:: MATERIAL FOR THIS TASK ::
------------------------------
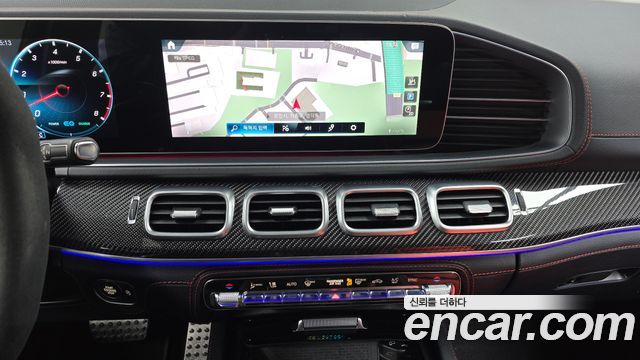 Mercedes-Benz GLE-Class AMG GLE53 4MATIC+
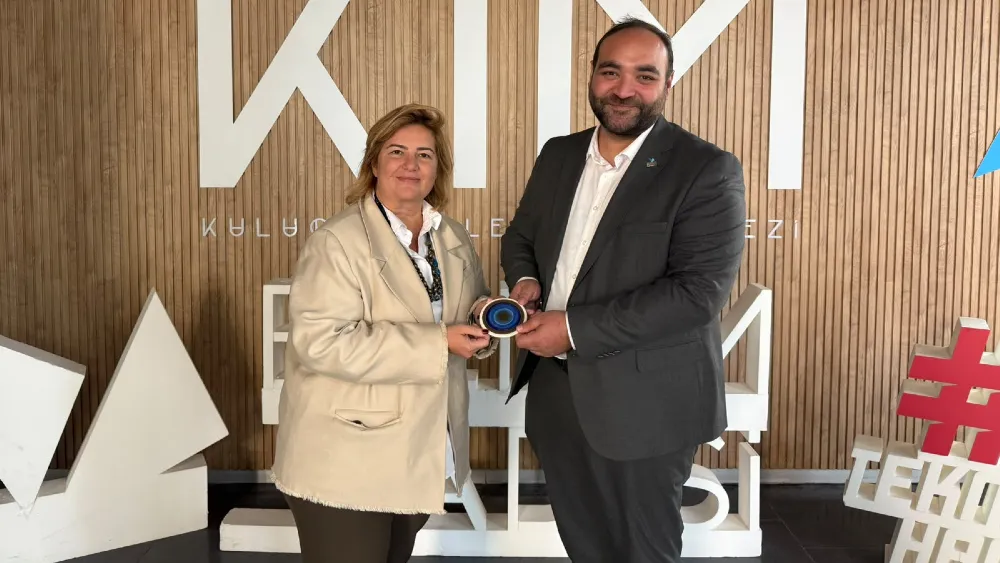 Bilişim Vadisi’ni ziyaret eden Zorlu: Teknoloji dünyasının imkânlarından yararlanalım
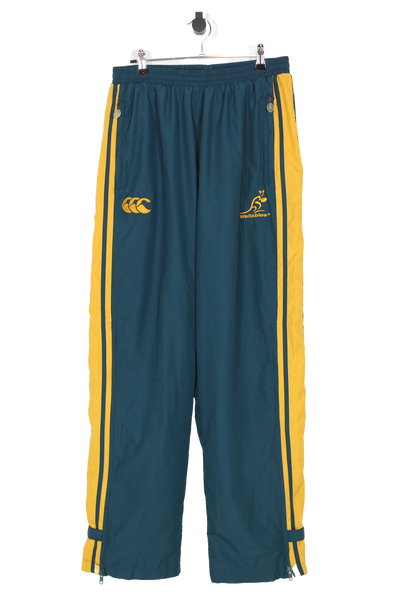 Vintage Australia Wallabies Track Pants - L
------------------------------
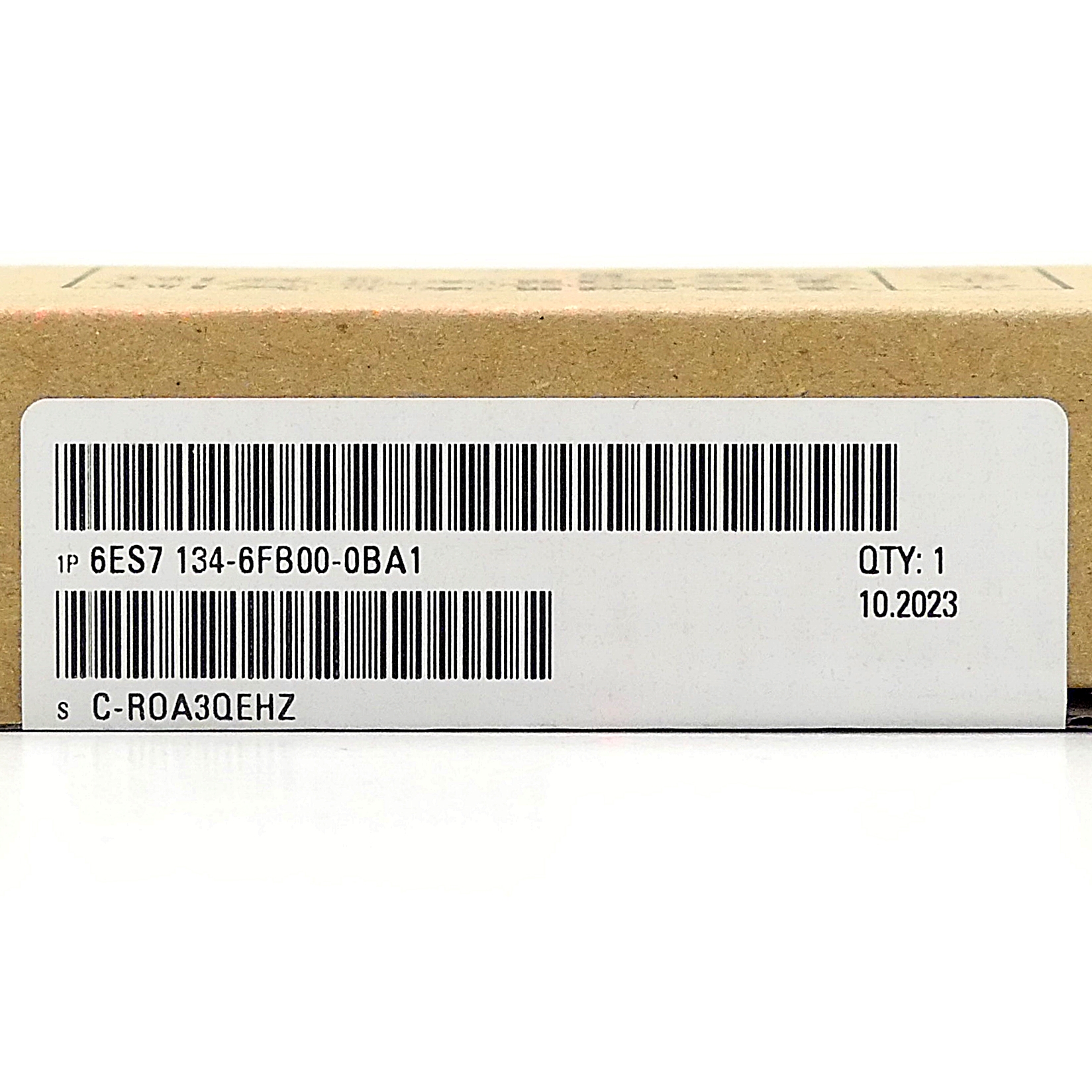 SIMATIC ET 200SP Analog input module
------------------------------
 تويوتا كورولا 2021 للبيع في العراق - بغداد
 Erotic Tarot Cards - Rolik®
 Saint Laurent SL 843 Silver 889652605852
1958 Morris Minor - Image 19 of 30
------------------------------
:: EXERCISE DETAILS ::
Set down exactly the lines above, from the line containing "Mercedes-Benz GLE-Class AMG GLE53 4MATIC+" through the line containing "Vintage Australia Wallabies Track Pants - L". Skip the pictures.

:: SOLUTION TO THIS EXERCISE ::
 Mercedes-Benz GLE-Class AMG GLE53 4MATIC+
 Bilişim Vadisi’ni ziyaret eden Zorlu: Teknoloji dünyasının imkânlarından yararlanalım
 Vintage Australia Wallabies Track Pants - L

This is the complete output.